Crawfish Bisque


2 pounds peeled Louisiana crawfish tails, with fat

½ pound butter

2 cups onion, minced

1 cup celery, minced

1 cup red bell pepper, minced

2 tablespoons garlic, minced

1 cup flour

¼ cup tomato sauce

1 tablespoon thyme, chopped

1 tablespoon tarragon, chopped

Salt and pepper to taste

2 quarts seafood stock (simmered in a pot for 30 minutes with the scraps of onion and celery)

1 pint heavy whipping cream

Sherry for garnish



Melt butter in a pan; add onion, celery, bell pepper and garlic, and sauté until tender.

Add the flour and stir to make a white roux.

Stir in tomato sauce.

Strain the stock through a fine mesh strainer, and slowly add the stock to the roux and tomato sauce mixture, then reduce to a simmer. Cook for 30 minutes until soupy consistency is reached.

Fold in 1 pound crawfish tails.

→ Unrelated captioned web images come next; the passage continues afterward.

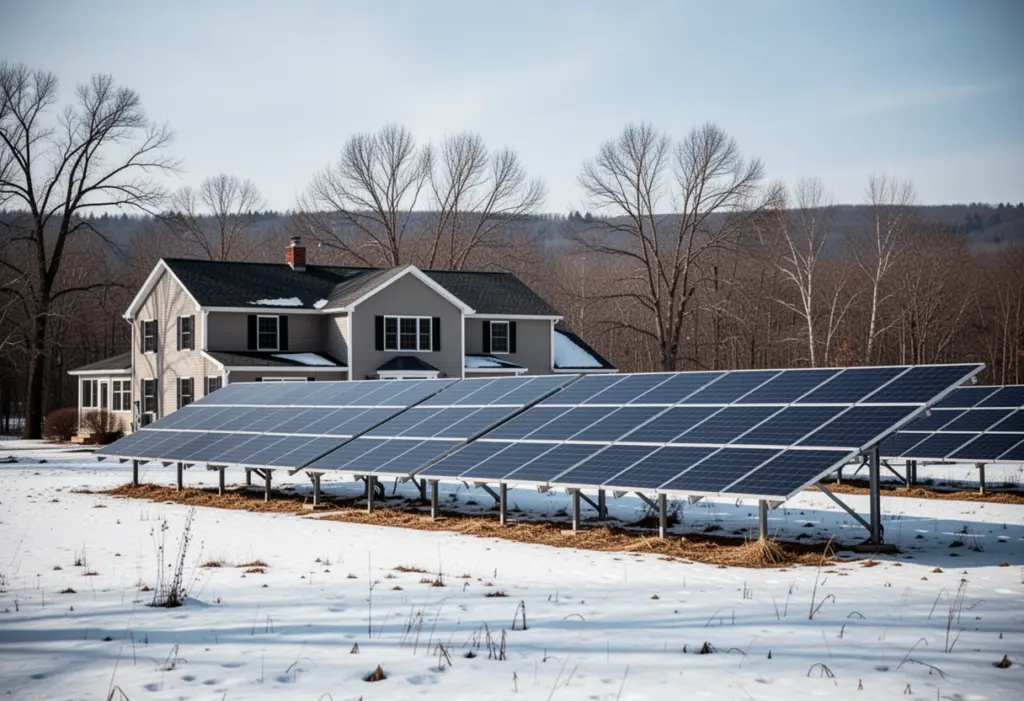 A house with a ground-mounted solar array on an open snowy lot in the Mohawk Valley of upstate New York, bare winter trees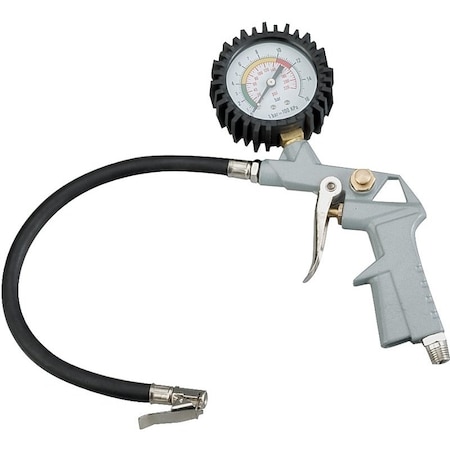 Prosource Tire Inflator with Gauge, 0 to 220 psi Pressure, 0 to 220 psi Gauge, Die-Cast Metal, Gray DQ1103L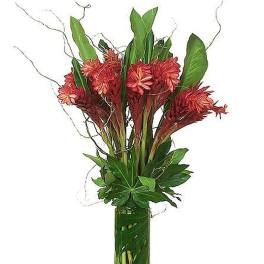Tall arrangement of red tropical flowers with bold foliage in a clear glass cylinder vase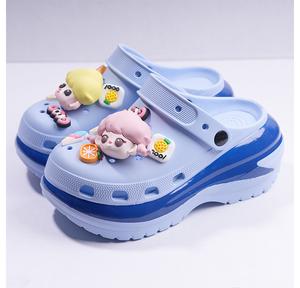 Sandal dan Selipar Wanita, Gaya Bertapak Tebal, Fesyen, Set Dua Keping, dengan Kusyen dan Bernafas, Sesuai untuk Pantai, Tersedia dalam Saiz 2392, Aksesori Pesona Kasut yang Comel, Tahan Lama dan Kalis Air, Sesuai untuk Kegunaan Hujan, Selipar Wanita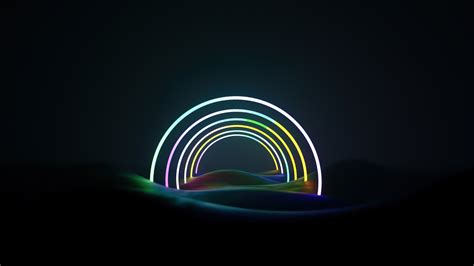 Neon art Wallpaper 4K, Rainbow, Glowing, Dark aesthetic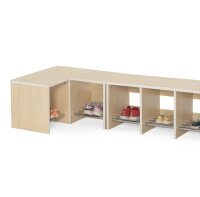 Garderoben-Eckbank mit Stäben mit Schuhdeko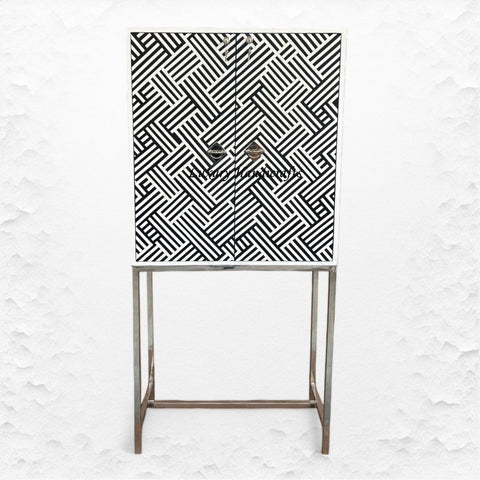 Resin Inlay Optical Bar Cabinet Black 5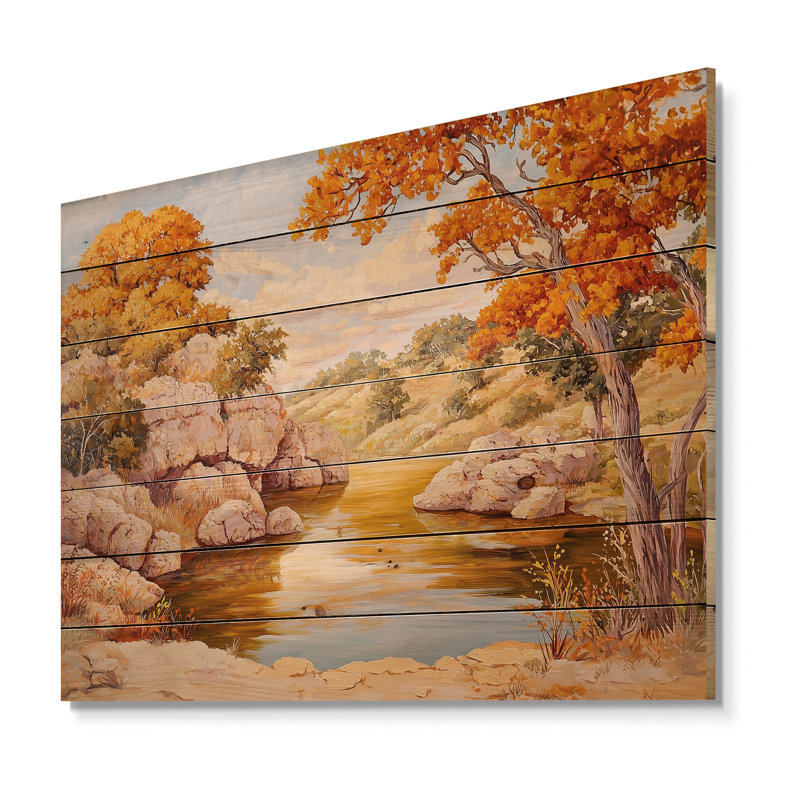 Pecos River In Texas I - Décoration murale paysage moderne sur bois de pin naturel, H 10 po x l 20 po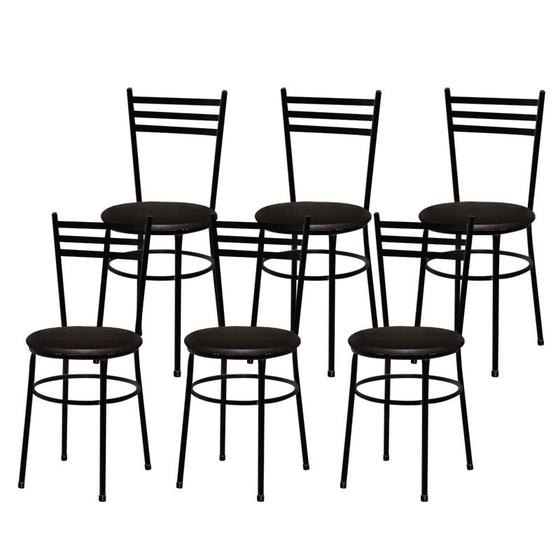 Imagem de Conjunto 6 Cadeiras Epoxi Preta Para Cozinha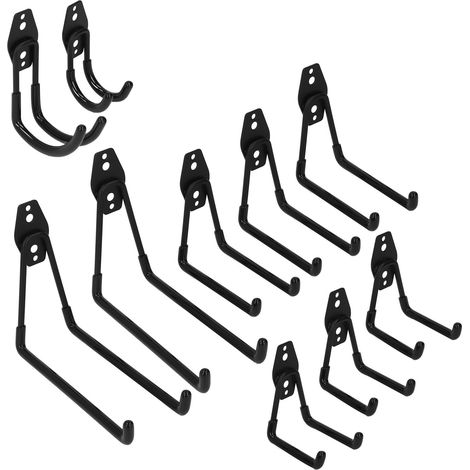 Lot de 10 Crochets de Garage Support Vélo Fixation Murale Rangement Outils Ensemble pour Jardin Plafond (1/5)
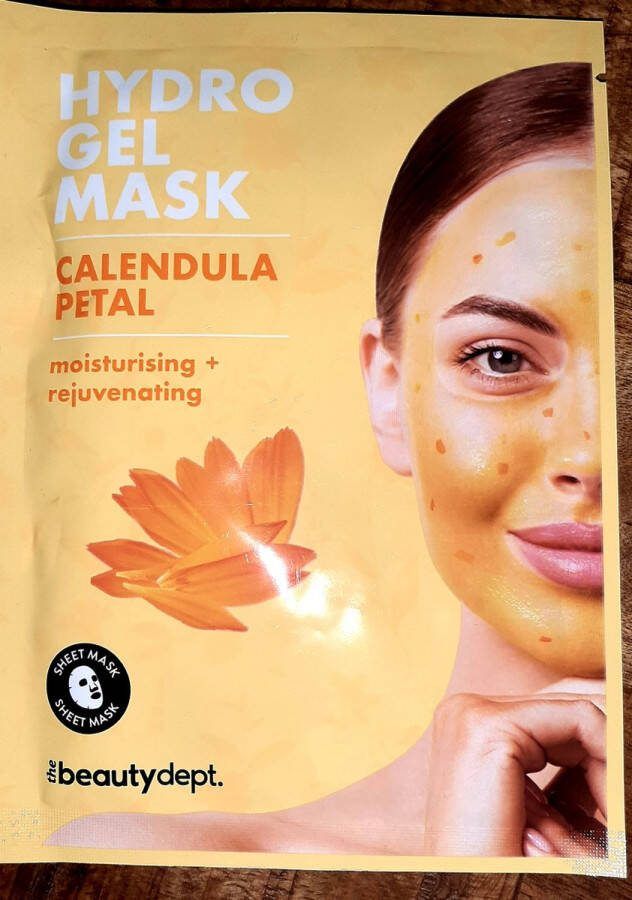 The Beauty Dept the Beautydept. sheetmask hydrogel mask calendula gezichtsmasker vegan vochtingbrengend en verjongend tissue masker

Bring to a boil, then reduce heat and simmer for 20 minutes.

Add thyme and tarragon, and season with salt and pepper.

In small batches, purée the soup in a food processor or blender until smooth.

Return the soup back to the pot and stir in the cream.

Simmer the soup on low; add remaining crawfish tails and enough stock until the soup reaches the desired thickness.

Portion the bisque into soup bowls.

Garnish each with a splash of sherry.